Il existe en effet deux mots latins très proches, l’un est au neutre, « opus, operis », et signifie l’oeuvre, la réalisation d’une œuvre, tandis que l’autre nom qui est au féminin « opera, operae » se traduit par la peine, le travail, la peine que l’on prend pour réaliser un travail. C’est donc autour de ces deux termes que devait avoir eu lieu le litige avec son professeur.
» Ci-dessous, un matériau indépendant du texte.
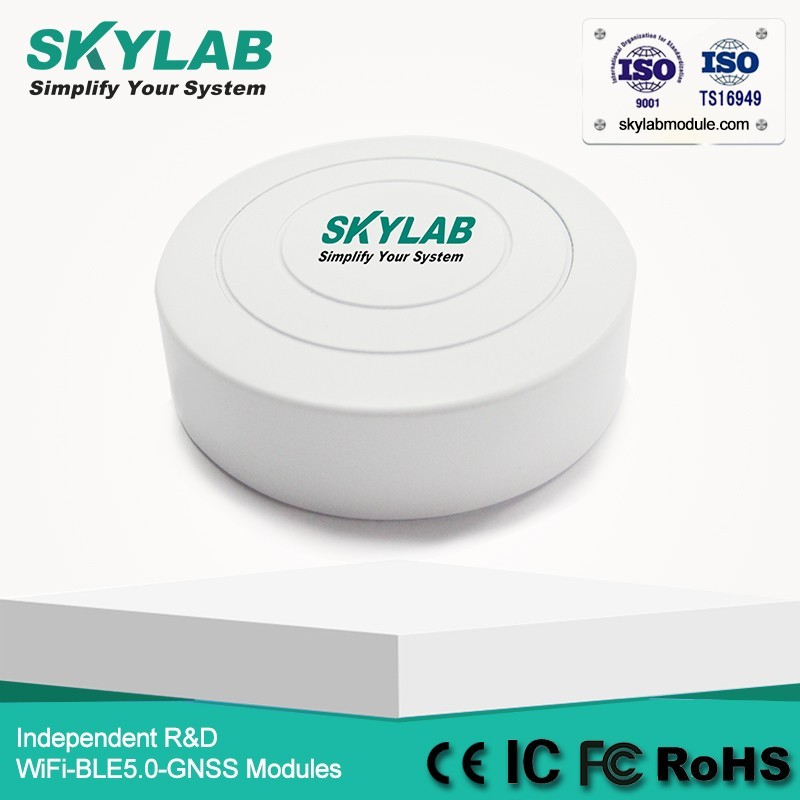 SKYLAB Faible Coût VG01 Programmable UUID/Grands/Mineur nRF51822 Petit Bluetooth Balise Récepteur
C’est là que de la salle de classe à la salle de théâtre, surgit une équivoque signifiante qui le fait rougir de honte, comme on dit jusqu’à la racine des cheveux. Quelle est donc cette équivoque ? Il se donne du mal, il travaille dur, il transpire, vulgairement, nous pourrions dire, en français, il besogne fantasmatiquement une femme. Peut-être s’est-t-il en un temps lointain, besogné lui-même.
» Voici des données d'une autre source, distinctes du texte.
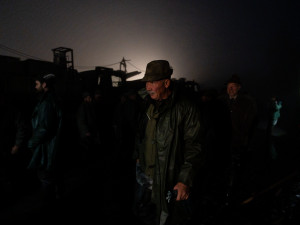 Výlov rybníku Bezdrev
Mais puisque le symptôme hystérique exprime toujours un double fantasme, un fantasme sexuel masculin et un fantasme sexuel féminin, nous pouvons retrouver cette composante féminine de son symptôme hystérique, avec cette œuvre qu’il pourrait mettre lui-même au monde, auquel il pourrait donner naissance. On dit bien d’une femme qu’elle s’est trouvée enceinte de ses œuvres. On le dit par exemple de la Vierge Marie qui s’est trouvée enceinte de par l’opération du Saint Esprit.
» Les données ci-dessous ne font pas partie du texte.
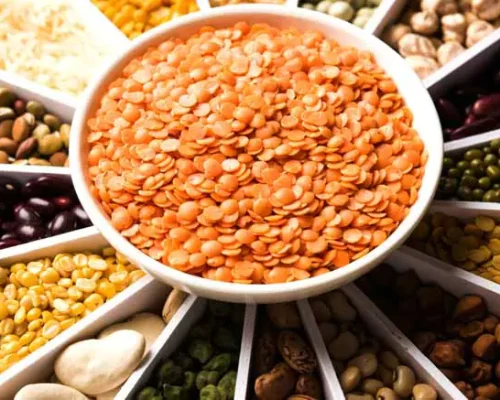 About-pulses-for-kids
Mais pour que la description de la métaphore du symptôme que nous donne Lacan tienne il faudrait peut-être que nous rajoutions au texte de Freud, (le fait qu’il rougissait et transpirait en présence de femmes, lorsqu’il assistait à « une œuvre » théâtrale), Ces deux mots latins équivoques, de « opus » et de « opera » sont en effet eux qui créent la métaphore et son effet de signification.
Il doit être rare de nos jours de découvrir un symptôme fabriqué avec une formule latine celle de « operam dare », se donner du mal, s’échiner, puisque maintenant nous avons presque tous perdu notre latin.
Vous remarquerez que le symptôme de cet homme décrit les difficiles rapports d’un homme avec une femme et surtout le fait que le désir qui s’y exprime est un désir mis en suspens, non réalisé.
[1] – Naissance de la psychanalyse, p. 247.